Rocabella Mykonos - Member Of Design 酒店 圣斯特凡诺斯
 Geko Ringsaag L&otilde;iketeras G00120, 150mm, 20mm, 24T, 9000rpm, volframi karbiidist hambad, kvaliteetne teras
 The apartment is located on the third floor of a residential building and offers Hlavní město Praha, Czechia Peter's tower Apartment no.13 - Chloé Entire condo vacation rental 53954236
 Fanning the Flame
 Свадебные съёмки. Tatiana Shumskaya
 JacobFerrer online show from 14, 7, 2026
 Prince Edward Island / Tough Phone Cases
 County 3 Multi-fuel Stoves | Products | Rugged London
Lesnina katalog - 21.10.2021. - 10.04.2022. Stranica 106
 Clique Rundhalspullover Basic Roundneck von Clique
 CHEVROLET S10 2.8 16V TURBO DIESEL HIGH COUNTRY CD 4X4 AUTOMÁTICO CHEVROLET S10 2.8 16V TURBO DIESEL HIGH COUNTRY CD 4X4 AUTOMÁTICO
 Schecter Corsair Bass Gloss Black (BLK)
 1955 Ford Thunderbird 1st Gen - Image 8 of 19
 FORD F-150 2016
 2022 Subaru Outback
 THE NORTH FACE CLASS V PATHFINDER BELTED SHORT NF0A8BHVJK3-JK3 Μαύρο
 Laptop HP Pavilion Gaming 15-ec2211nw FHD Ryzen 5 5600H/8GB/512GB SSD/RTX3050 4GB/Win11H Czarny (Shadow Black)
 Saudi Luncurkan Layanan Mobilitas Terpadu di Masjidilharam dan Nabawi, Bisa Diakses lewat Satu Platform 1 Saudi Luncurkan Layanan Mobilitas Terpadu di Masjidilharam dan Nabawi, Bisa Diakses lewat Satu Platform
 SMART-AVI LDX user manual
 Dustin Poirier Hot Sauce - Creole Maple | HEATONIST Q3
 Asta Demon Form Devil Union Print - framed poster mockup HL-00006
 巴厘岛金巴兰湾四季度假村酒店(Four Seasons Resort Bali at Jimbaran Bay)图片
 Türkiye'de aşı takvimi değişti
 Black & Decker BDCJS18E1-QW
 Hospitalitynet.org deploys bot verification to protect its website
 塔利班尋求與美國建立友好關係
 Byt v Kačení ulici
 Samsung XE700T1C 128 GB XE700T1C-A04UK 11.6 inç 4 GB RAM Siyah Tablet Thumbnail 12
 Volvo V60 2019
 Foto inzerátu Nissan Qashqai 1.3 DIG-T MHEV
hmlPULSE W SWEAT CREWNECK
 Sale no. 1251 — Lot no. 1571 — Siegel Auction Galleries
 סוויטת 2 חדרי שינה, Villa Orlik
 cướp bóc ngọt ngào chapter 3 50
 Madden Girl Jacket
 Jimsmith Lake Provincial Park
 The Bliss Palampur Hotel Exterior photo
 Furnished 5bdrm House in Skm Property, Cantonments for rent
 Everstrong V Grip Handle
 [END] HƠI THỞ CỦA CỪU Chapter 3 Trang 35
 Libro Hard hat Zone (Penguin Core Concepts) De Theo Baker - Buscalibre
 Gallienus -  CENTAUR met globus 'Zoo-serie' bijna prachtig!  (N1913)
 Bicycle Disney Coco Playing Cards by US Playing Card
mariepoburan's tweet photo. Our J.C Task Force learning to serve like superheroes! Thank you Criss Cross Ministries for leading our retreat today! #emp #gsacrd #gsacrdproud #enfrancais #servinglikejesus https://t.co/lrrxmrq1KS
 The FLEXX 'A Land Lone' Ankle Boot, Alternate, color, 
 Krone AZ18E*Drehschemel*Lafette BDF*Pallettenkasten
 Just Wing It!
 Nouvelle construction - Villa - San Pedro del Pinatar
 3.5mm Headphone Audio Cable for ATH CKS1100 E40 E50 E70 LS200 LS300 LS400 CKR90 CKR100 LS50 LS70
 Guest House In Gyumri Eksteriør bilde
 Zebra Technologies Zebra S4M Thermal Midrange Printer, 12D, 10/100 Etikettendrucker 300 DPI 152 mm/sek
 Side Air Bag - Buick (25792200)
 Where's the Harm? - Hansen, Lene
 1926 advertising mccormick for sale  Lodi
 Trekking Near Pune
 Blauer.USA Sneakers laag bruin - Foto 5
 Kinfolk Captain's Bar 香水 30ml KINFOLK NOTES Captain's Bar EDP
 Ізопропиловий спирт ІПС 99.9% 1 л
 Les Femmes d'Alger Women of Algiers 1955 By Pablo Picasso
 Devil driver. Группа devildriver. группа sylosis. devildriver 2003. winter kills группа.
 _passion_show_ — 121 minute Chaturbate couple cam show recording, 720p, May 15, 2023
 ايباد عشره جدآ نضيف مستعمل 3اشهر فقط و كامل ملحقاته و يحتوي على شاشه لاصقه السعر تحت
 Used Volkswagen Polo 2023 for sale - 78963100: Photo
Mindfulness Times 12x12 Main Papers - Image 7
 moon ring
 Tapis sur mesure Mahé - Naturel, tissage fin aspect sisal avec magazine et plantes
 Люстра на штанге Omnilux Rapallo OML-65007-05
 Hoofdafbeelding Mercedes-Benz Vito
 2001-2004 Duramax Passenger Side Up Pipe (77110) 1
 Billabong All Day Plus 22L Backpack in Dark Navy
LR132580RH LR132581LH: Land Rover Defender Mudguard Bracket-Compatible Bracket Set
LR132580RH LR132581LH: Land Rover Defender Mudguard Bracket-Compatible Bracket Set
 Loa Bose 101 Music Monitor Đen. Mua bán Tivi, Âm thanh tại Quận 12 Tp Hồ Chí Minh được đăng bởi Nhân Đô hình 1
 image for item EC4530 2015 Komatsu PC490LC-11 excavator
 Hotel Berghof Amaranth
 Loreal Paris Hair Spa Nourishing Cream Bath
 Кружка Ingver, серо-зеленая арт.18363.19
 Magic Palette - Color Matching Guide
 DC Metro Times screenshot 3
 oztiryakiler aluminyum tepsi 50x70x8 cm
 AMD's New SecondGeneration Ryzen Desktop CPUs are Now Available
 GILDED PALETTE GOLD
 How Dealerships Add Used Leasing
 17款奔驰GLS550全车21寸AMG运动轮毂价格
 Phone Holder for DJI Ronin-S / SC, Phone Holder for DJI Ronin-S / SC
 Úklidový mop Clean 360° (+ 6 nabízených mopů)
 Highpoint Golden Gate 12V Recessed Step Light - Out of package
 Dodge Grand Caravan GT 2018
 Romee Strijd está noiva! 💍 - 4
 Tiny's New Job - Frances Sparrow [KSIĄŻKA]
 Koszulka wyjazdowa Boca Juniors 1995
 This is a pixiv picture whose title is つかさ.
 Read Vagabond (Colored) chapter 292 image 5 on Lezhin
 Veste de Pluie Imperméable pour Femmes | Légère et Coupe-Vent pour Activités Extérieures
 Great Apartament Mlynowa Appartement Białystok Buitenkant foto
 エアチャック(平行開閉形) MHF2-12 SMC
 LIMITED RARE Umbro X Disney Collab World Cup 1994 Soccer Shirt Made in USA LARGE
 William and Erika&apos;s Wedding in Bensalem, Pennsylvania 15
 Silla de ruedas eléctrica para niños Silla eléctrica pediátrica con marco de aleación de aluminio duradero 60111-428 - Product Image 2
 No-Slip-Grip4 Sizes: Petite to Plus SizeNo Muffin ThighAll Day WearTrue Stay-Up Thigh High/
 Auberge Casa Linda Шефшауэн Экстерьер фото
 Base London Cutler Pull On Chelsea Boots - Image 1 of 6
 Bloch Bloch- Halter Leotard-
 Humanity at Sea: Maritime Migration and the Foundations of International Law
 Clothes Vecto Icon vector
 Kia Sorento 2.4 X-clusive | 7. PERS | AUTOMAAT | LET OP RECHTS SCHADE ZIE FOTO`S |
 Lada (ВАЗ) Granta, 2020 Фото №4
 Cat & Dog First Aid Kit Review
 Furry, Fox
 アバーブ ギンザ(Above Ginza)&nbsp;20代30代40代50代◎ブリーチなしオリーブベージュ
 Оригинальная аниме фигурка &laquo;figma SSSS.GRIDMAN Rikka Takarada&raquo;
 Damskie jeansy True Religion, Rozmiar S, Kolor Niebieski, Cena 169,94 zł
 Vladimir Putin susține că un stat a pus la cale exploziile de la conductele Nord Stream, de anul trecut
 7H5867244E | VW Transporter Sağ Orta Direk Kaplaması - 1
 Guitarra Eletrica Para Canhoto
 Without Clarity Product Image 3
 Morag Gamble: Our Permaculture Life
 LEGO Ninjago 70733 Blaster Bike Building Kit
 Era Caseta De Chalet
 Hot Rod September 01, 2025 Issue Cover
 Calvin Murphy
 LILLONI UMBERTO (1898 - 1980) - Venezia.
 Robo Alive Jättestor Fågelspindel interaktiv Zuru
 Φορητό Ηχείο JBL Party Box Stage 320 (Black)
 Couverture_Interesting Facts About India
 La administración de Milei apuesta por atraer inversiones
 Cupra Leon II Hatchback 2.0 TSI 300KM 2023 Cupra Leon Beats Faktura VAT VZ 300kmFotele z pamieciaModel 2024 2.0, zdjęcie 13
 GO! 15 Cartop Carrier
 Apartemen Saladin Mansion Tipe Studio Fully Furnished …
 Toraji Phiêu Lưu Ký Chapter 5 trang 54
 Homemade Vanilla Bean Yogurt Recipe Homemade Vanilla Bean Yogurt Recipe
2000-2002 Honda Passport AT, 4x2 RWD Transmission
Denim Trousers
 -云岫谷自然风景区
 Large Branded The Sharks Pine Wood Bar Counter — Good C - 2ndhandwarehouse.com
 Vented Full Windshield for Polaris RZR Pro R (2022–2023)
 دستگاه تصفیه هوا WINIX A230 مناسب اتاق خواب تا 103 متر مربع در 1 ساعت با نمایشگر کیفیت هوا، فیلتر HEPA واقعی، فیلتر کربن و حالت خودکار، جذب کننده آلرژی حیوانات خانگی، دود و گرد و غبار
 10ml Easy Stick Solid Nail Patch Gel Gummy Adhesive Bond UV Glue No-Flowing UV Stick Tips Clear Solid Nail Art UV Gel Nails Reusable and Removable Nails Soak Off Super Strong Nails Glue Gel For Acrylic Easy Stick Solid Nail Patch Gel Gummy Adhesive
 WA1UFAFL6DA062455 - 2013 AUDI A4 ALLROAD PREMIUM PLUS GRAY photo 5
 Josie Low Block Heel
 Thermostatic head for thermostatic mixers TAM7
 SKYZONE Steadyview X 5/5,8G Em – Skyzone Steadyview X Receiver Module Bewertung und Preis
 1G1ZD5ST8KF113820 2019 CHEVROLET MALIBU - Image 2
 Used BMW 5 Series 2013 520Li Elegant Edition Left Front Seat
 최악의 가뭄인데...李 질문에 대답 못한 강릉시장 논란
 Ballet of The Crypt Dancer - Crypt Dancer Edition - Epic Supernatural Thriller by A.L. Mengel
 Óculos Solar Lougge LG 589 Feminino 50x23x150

───

▶ [Assignment]:
Please reproduce exactly the lines in the listing above from the one containing "Homemade Vanilla Bean Yogurt Recipe Homemade" through the one containing "Josie Low Block Heel", both included, and nothing more.

▶ [Finished task]:
 Homemade Vanilla Bean Yogurt Recipe Homemade Vanilla Bean Yogurt Recipe
2000-2002 Honda Passport AT, 4x2 RWD Transmission
Denim Trousers
 -云岫谷自然风景区
 Large Branded The Sharks Pine Wood Bar Counter — Good C - 2ndhandwarehouse.com
 Vented Full Windshield for Polaris RZR Pro R (2022–2023)
 دستگاه تصفیه هوا WINIX A230 مناسب اتاق خواب تا 103 متر مربع در 1 ساعت با نمایشگر کیفیت هوا، فیلتر HEPA واقعی، فیلتر کربن و حالت خودکار، جذب کننده آلرژی حیوانات خانگی، دود و گرد و غبار
 10ml Easy Stick Solid Nail Patch Gel Gummy Adhesive Bond UV Glue No-Flowing UV Stick Tips Clear Solid Nail Art UV Gel Nails Reusable and Removable Nails Soak Off Super Strong Nails Glue Gel For Acrylic Easy Stick Solid Nail Patch Gel Gummy Adhesive
 WA1UFAFL6DA062455 - 2013 AUDI A4 ALLROAD PREMIUM PLUS GRAY photo 5
 Josie Low Block Heel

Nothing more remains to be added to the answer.